こんにちは、自動テストアーキテクトの森川です。

みなさん、自動テストしていますか?

本日はE2Eテストツール、とりわけリグレッションテストツールには欠かせない2つの機能についてのお話です。


きっかけ

Seleniumベースの自動テストツール開発・運用に数年たずさわっている筆者ですが、ここ最近ノーコードAI系テストツールやオンプレの有償テストツールを、いくつかさわらせていただく機会がありました。

複数のツールを続けて触っていると何かしら別の観点から見えてくるものでして、テストツールに共通して求められる機能要素があることに気づきました。

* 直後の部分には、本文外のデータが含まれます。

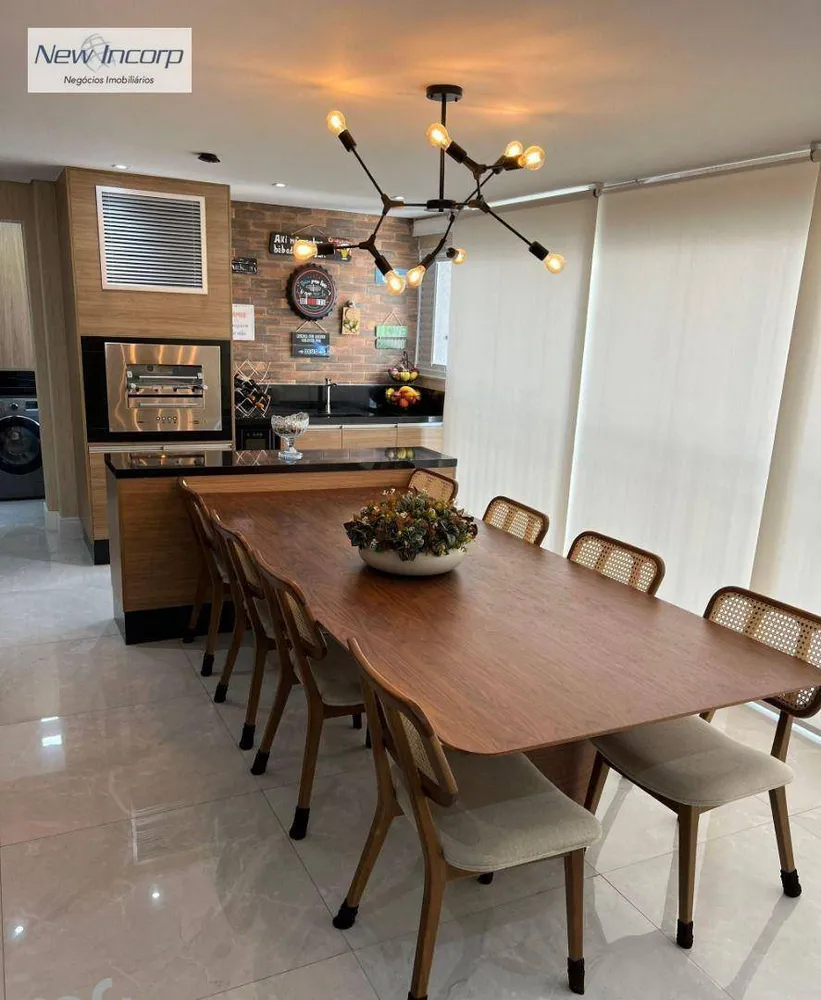 Apartamento, 3 quartos, 136 m² - Foto 2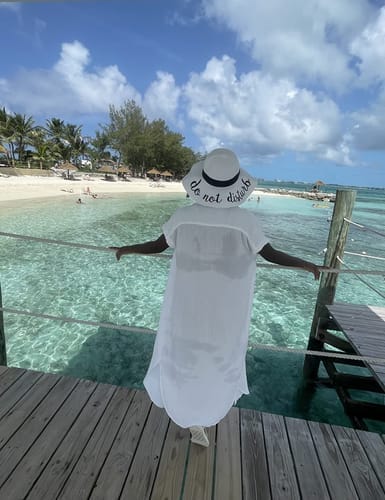 Customer photo review of Emoswim - Weißer einfarbiger langer Sonnenschutz-Cardigan Cover-Up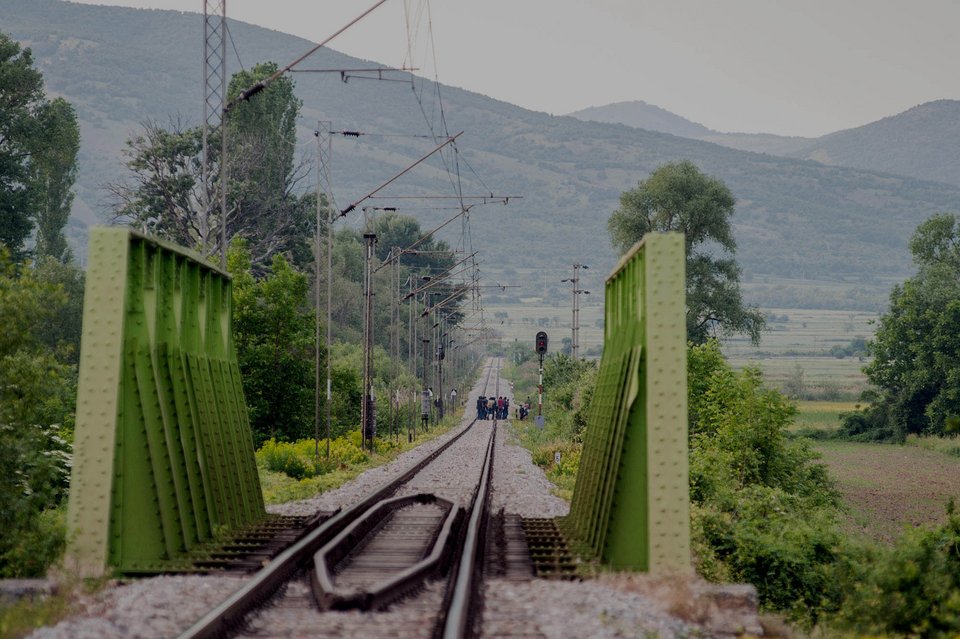 Τα Σκόπια στέλνουν στρατό στα σύνορα για να αντιμετωπίσουν το κύμα μεταναστών από την Ελλάδα | iefimerida.gr 0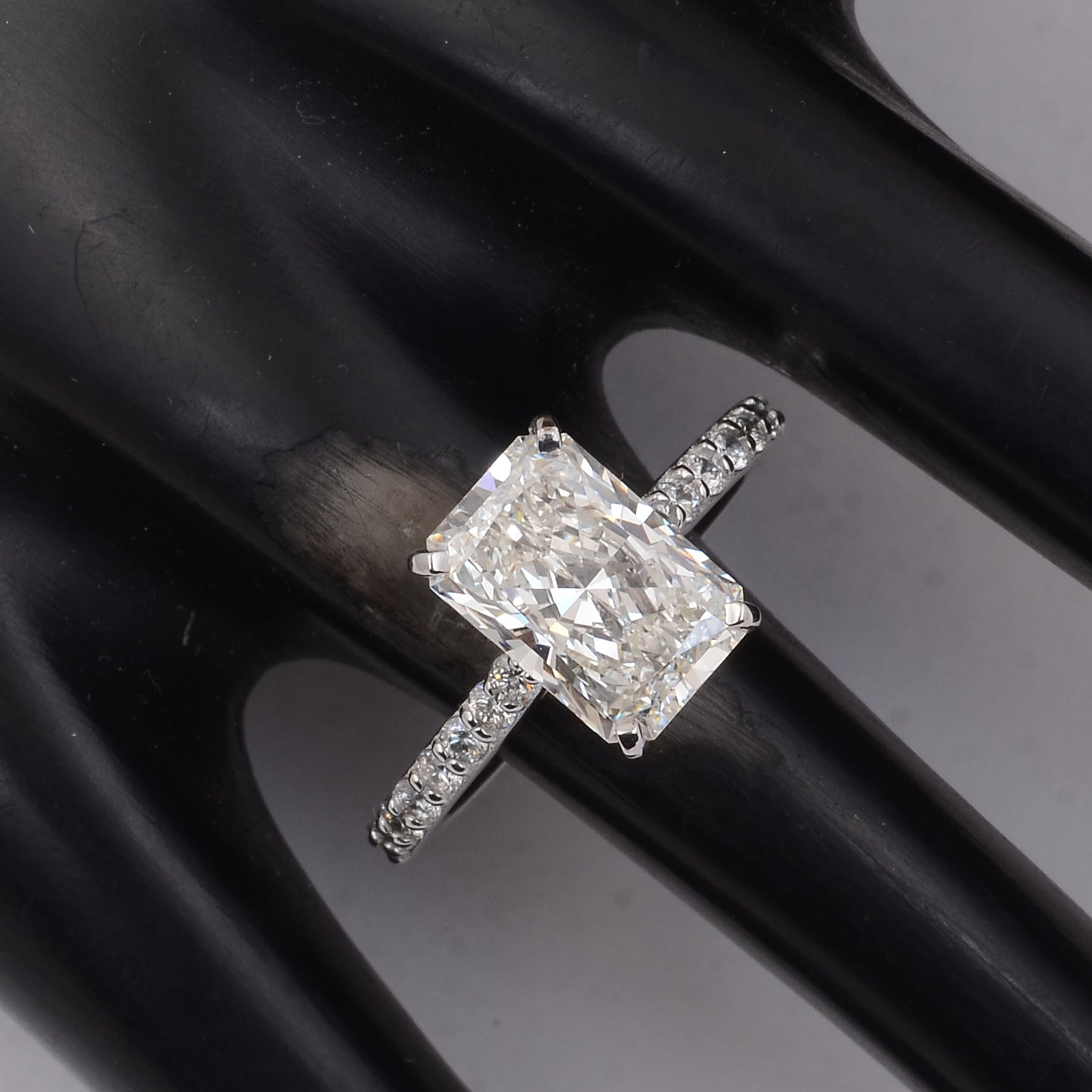 3.48 Carats Lab Grown Diamond 14K Gold Ring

「これは欲しい」「いやむしろ無いと困る!」という思いが日増しにムクムクと強くなり本エントリーに至ったというわけです。

なお、Seleniumベースのツールとは? AI系テストツールとはなんぞや?
というところはAsterさんの「テストツールまるわかりガイド」に素晴らしくまとまっていますので詳細は割愛させていただきます。

ASTER テストツールガイド改訂WG(Test Tool Guide Working Group)

自動テストの作成を支援してほしい

SeleniumなどのOSSベースのツール、またはOSSを拡張したツールではコーディングが必須となります。

自動テストの作成は開発作業と言っても過言ではありません。

しかしアジリティが求められるこの現代でもなお、それでよいのでしょうか、とも思います。

自動テストエンジニアといえどもプロダクトを見る時間を増やして、プロダクトの価値向上、品質向上に貢献するべきではないでしょうか。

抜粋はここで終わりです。